En esos territorios la ley la imponen los que ejercen la fuerza o la amenaza de usarla y los que reclutan y facilitan ingresos, habitualmente vinculados a la actividad criminal. El orden es impuesto por el crimen organizado y su tejido de influencias, que llega a niveles políticos y estatales. En esa jerarquía, las redes narco se encuentran en la cúspide. Y la numerosa población de esos espacios que no está vinculada a tales actividades, queda sometida a su poder, desprovista del resguardo permanente de una autoridad legítima. La tarea de preservación, construcción y restauración de tejido social sano que llevan adelante curas villeros, maestros y asistentes sociales es un precario puente con la Nación, reemplazo vicario de una acción decidida del Estado para asistir y promover seriamente a amplios segmentos de la población, establecer allí el orden de la Constitución y la ley y desalojar a las organizaciones que convierten esos espacios en “territorios liberados”.

“En Rosario ganaron los narcos”, había confesado confesó el ministro de Seguridad, cascoteado desde la provincia porque el estado central es el principal responsable de atender a delitos federales. “El problema de la violencia y del crimen organizado es muy serio-había constatado el presidente Alberto Fernández-. Hay que hacer algo por los rosarinos y por los santafesinos porque son argentinos”. La inacción por que reclamaba la provincia de Santa Fé tuvo que dar paso a una reacción que el gobierno adoptó el martes, decidiendo refueerzos de fuerzas federales y recursos y también una presencia del Ejército, dentro de los límites que las leyes no le prohíben.

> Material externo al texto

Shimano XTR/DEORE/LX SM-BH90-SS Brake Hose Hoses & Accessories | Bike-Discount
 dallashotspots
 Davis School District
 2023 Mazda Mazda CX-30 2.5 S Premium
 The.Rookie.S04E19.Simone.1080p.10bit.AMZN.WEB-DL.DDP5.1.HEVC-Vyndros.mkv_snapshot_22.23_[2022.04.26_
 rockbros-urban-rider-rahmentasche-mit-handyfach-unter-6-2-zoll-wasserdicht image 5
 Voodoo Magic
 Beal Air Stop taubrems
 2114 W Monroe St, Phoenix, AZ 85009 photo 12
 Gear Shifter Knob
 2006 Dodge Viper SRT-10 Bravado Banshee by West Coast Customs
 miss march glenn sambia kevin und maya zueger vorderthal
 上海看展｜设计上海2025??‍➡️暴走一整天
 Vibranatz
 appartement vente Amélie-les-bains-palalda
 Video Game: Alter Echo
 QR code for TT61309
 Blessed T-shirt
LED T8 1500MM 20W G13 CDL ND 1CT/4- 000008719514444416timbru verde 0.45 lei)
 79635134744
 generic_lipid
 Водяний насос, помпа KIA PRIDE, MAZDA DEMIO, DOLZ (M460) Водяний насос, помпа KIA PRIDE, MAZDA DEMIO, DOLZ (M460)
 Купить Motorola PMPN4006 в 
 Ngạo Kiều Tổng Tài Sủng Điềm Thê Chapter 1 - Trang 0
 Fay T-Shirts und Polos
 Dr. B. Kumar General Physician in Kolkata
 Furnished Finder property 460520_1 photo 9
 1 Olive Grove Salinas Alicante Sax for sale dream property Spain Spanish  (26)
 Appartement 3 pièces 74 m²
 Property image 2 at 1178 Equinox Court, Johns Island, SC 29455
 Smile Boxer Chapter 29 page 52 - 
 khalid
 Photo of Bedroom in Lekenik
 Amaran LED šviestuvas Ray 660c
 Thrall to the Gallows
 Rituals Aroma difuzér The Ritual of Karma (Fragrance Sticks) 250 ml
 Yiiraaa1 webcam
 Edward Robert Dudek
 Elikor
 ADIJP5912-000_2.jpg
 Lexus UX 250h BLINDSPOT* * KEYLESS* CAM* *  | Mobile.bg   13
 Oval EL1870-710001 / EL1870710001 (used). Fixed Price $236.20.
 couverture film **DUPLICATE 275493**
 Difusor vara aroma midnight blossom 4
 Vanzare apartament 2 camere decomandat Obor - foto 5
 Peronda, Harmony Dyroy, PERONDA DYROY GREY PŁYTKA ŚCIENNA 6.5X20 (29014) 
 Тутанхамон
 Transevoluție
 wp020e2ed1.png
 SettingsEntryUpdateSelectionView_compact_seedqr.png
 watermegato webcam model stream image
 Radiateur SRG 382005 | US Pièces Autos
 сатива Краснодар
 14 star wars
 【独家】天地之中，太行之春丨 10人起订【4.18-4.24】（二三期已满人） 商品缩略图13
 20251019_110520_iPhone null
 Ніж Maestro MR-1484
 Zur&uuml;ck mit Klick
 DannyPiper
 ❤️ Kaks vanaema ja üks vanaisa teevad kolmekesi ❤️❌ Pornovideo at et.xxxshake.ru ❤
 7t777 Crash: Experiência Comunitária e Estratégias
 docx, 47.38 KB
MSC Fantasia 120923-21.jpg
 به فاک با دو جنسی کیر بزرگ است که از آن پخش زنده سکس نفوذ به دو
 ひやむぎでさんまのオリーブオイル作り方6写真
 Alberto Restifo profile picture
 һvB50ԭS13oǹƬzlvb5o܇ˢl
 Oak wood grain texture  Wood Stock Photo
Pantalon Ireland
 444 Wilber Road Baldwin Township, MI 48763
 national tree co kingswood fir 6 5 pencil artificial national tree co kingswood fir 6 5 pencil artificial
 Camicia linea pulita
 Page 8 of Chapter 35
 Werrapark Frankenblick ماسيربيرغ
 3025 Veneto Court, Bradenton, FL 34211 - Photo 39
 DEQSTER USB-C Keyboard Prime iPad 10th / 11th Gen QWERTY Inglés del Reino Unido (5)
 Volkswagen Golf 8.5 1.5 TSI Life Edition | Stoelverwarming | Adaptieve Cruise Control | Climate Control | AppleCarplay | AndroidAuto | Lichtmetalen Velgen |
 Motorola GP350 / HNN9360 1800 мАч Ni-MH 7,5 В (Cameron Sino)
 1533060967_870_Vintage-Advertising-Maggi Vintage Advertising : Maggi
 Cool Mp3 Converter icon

En el Congreso, entretanto, se actualizó una iniciativa conjunta de diputados santafesinos de distintas fuerzas políticas y que aspira a fortalecer a la justicia penal federal ante el narcotráfico. Que se trate de un proyecto fruto del consenso (lo suscriben diputados del peronismo, del kirchnerismo, del Pro, del socialismo y de la UCR) es casi un milagro. Y que el kirchnerismo, que comanda las comisiones legislativas estratégicas haya habilitado el debate para la próxima semana, otro milagro. Messi lo hizo.

La crisis de seguridad iluminada gracias a que la víctima fue la familia política de Messi es un capítulo crepuscular de la crisis del sistema. Cuando la política no toma decisiones adecuadas y deja inerme al Estado, la sociedad actúa. A veces lo hace por acción directa, como empezó a ocurrir en Rosario.

Ya evidenciado el fin de la etapa argentina que hoy se descompone sería penoso que el nuevo ciclo no se coronara con un nuevo sistema político, apoyado sobre un nuevo consenso y sobre verdaderas políticas de Estado adecuadas a la época y a las posibilidades que tienen el país y la región. Allí hay que agrupar fuerzas.